##### ENTRIES PROVIDED
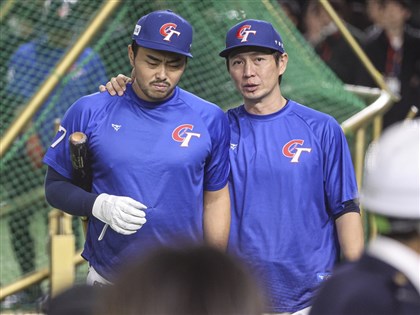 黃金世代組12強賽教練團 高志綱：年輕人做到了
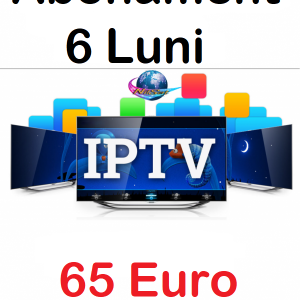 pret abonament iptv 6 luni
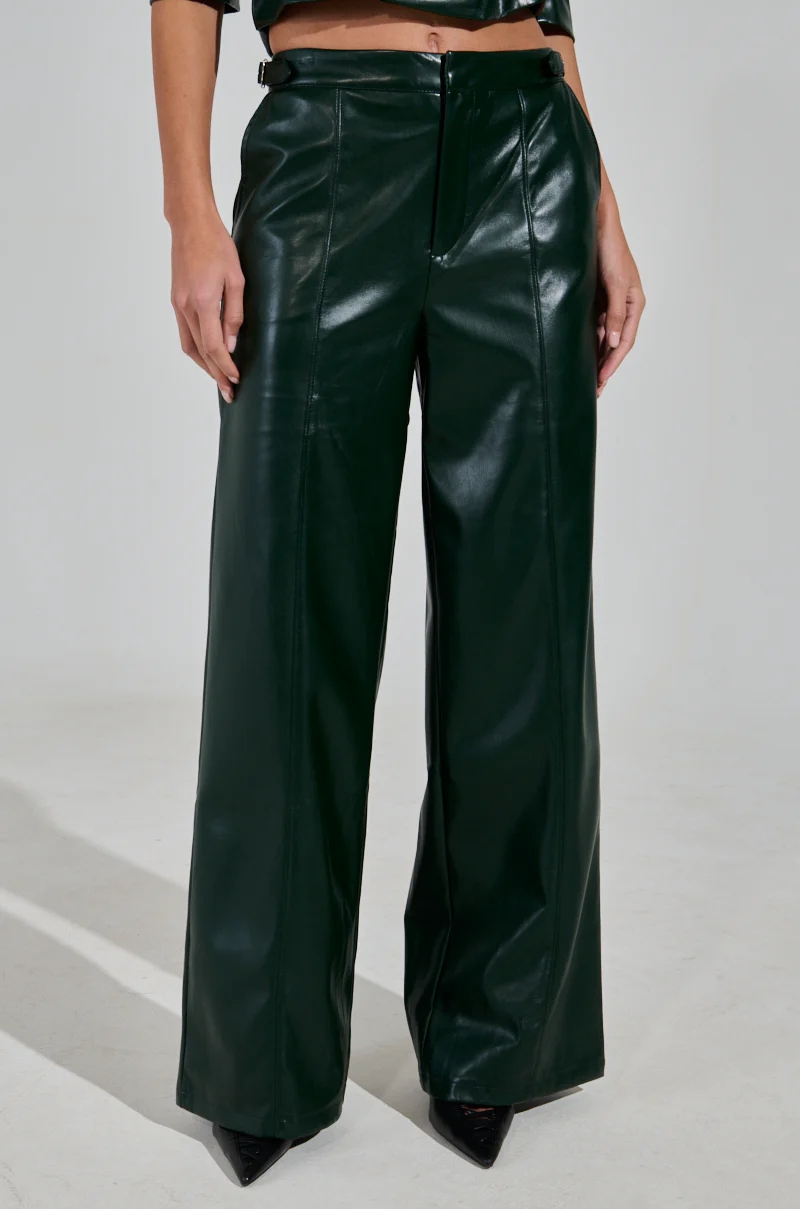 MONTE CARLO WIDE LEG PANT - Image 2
##########
##### ENTRIES PROVIDED
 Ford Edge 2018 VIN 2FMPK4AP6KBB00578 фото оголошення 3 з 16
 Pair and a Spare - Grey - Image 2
##########
Set down word for word the lines above from the one with "黃金世代組12強賽教練團 高志綱：年輕人做到了" up to and including the one with "MONTE CARLO WIDE LEG PANT - Image 2". Omit every picture.

RESPONSE FOR THIS EXERCISE:
 黃金世代組12強賽教練團 高志綱：年輕人做到了
 pret abonament iptv 6 luni
 MONTE CARLO WIDE LEG PANT - Image 2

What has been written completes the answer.